役人は、この由を申そうとして、御寝所に参ると、御帳の中から血が流れている。
不思議に思って中を見ると、赤い首が一つの残っている。
それから役所内が大騒ぎになること、全くひっくり返るようである。
大臣の息子が助左衛門を召してお尋ねになる。
助左衛門は
「ですからこそ、こういう恐ろしいことが起きるのです。
すぐに追い出して、退治する命令を出してください。」
「お前の言う通りに仰せくださるであろう。」
と言われたので
「剣の太刀を付けた者百人、弓矢を帯びた者百人を軍船に乗せて出立せしめられよ」と申しあげた。

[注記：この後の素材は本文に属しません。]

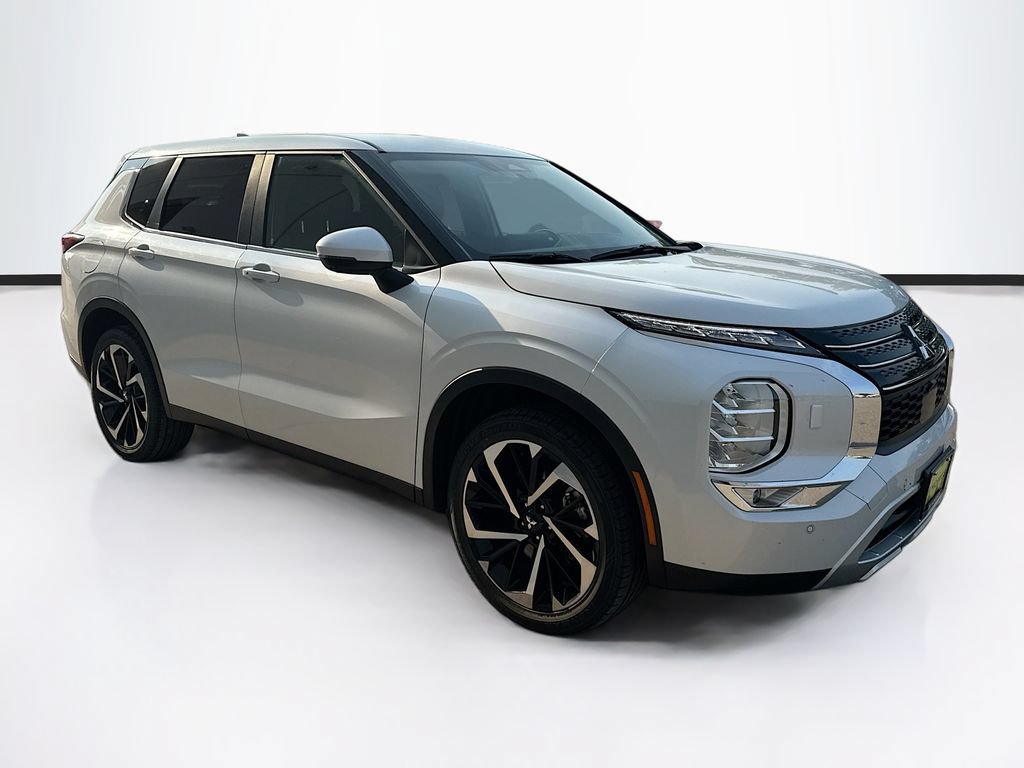 Used 2024 Mitsubishi Outlander SE AWD/4WD image 3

その通りとなり、助左衛門は二百人を連れて、鬼の島へ漕いで行く。
まず十人ほどを商人のよう仕立てて、浜に降ろすと例の美女が歌を歌いながら、やってきた。
女たちは商人を誘って、女の城の中に入っていく。
そのあとに、残りの者は、城に乱入しこの女たちを退治した。
この島がどこにあるかは、伝えられていない。
(完)
解説本曰く・・・拙者思うに・・・
この物語は「宇治拾遺物語」巻六のある 「僧伽多(そうきやた)羅刹国(らえつのくに)に行く事」の話です。
主人公は僧伽多(そうきやた)ですが、私は「昔の助左衛門」としました。
羅刹国(らせつのくに)は「南国」としました。
さらに宇治拾遺物語の元を辿ると・・・・大唐西域記にある話に行きつきます。
まったく私も知りませんでした。
しかし「女の昼寝の話」と「女ばかりを産む話」は三蔵法師玄奘の大唐西域記にはないそうです。
当然でしょうが・・・
この説話には美女あり、戦闘あり、スリルとサスペンス、そして最後に鬼女退治と話はよくできています。
男は美女にだまされる・・・今も昔も同じです
感心しました。
原文の紹介 男たちが女の城に連れていかれる場面です。
「・・・・・・・そのうちに具して入りぬ。門の錠をやがてさしつ。内に入ればさまざまの屋ども隔て隔て作れり。男一人もなし。